■ **ASSIGNMENT**: Scan the records beneath this line for the line holding "Desktop Screenshot of" and the line holding "Welsbratwürste zum Brunch", then transcribe exactly those two and all lines between.

■ **MATERIAL TO PROCESS**:
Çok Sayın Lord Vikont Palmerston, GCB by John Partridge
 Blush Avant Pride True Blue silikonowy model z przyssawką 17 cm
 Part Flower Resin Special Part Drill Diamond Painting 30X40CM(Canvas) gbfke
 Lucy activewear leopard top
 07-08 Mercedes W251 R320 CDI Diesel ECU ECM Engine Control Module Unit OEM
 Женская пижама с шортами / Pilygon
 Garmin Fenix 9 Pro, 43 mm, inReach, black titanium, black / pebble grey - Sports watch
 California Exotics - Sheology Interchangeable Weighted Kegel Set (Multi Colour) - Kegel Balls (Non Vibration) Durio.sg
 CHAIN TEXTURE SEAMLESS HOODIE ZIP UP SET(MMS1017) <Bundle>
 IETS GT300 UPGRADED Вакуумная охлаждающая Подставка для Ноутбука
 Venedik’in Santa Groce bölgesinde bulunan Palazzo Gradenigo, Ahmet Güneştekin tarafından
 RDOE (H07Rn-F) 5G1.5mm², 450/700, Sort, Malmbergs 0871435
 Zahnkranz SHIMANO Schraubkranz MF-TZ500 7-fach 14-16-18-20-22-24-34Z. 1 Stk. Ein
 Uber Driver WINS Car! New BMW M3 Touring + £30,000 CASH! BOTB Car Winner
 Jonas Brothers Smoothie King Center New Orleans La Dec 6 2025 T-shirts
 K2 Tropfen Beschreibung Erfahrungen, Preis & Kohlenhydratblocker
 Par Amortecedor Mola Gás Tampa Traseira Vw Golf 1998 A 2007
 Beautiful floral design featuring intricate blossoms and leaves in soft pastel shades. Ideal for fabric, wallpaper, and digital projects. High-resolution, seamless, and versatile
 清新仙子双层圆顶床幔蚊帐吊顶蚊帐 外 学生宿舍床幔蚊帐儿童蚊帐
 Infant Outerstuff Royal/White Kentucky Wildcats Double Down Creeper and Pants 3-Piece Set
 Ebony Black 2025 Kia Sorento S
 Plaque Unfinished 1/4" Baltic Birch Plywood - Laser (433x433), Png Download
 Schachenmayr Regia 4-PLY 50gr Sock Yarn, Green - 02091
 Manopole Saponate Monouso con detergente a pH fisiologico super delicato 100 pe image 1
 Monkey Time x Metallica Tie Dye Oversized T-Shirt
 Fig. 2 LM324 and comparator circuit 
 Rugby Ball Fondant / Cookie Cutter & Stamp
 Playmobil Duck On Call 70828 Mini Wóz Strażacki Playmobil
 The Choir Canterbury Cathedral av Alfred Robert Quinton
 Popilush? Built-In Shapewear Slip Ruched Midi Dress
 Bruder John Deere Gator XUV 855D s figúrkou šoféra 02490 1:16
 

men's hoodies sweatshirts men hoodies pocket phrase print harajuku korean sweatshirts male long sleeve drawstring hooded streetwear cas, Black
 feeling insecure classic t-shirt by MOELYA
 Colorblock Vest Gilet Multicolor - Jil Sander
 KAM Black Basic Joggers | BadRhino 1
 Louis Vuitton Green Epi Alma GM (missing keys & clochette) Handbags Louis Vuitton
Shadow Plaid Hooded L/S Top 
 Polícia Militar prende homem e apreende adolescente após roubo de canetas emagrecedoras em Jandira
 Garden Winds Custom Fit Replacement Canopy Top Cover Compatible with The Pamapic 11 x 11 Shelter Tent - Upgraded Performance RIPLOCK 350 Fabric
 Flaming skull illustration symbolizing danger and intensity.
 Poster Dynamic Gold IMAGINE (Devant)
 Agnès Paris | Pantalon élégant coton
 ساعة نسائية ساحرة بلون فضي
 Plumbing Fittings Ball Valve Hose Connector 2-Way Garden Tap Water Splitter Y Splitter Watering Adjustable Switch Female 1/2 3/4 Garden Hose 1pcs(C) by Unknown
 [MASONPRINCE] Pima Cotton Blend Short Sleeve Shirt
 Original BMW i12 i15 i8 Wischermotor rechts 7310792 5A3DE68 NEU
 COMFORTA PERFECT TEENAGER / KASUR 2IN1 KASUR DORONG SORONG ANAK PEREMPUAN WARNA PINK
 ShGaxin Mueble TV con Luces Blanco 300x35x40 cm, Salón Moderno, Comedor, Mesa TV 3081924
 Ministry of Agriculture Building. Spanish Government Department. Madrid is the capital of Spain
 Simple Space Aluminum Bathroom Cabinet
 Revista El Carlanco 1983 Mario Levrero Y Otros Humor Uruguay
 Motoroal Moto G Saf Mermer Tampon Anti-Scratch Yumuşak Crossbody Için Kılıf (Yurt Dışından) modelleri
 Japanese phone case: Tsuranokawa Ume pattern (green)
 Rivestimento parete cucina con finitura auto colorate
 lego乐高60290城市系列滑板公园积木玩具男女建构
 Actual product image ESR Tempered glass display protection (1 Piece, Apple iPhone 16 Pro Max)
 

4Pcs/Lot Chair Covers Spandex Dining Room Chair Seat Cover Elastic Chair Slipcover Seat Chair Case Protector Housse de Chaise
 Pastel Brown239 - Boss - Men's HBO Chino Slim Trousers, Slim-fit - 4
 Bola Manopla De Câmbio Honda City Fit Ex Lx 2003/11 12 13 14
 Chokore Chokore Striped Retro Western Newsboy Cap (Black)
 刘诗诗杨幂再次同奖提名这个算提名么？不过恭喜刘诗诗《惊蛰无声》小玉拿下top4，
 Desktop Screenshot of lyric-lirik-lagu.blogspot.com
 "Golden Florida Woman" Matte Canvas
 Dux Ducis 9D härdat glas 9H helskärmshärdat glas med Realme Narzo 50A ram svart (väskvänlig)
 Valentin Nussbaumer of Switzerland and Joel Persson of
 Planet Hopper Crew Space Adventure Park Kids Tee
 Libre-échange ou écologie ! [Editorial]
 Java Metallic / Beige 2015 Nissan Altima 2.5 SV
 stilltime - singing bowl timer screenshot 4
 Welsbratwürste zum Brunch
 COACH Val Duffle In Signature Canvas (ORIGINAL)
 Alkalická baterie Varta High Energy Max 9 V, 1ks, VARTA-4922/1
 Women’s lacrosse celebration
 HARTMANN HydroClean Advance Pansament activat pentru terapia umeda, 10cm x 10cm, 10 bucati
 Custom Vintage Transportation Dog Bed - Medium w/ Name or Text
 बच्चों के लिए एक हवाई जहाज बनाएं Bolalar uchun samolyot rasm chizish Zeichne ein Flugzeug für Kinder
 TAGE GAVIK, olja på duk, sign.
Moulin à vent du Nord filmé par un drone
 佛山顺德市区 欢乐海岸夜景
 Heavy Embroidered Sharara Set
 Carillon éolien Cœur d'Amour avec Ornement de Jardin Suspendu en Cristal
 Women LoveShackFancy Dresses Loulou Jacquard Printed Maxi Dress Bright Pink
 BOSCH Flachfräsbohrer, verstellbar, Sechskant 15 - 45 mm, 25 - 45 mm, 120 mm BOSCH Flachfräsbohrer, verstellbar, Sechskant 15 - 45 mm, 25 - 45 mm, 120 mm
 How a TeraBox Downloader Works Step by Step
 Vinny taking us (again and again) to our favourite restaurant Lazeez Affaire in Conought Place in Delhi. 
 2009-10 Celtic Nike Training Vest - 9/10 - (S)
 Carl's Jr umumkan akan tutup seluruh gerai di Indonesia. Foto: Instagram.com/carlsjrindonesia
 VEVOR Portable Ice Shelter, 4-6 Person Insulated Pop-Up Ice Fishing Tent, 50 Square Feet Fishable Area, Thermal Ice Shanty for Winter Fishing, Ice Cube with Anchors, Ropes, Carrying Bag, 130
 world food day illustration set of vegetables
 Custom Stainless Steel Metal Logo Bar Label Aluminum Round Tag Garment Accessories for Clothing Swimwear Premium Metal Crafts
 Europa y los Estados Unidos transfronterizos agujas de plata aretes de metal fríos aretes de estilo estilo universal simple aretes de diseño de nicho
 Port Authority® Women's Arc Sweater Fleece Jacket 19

■ **PROBLEM SOLUTION**:
 Desktop Screenshot of lyric-lirik-lagu.blogspot.com
 "Golden Florida Woman" Matte Canvas
 Dux Ducis 9D härdat glas 9H helskärmshärdat glas med Realme Narzo 50A ram svart (väskvänlig)
 Valentin Nussbaumer of Switzerland and Joel Persson of
 Planet Hopper Crew Space Adventure Park Kids Tee
 Libre-échange ou écologie ! [Editorial]
 Java Metallic / Beige 2015 Nissan Altima 2.5 SV
 stilltime - singing bowl timer screenshot 4
 Welsbratwürste zum Brunch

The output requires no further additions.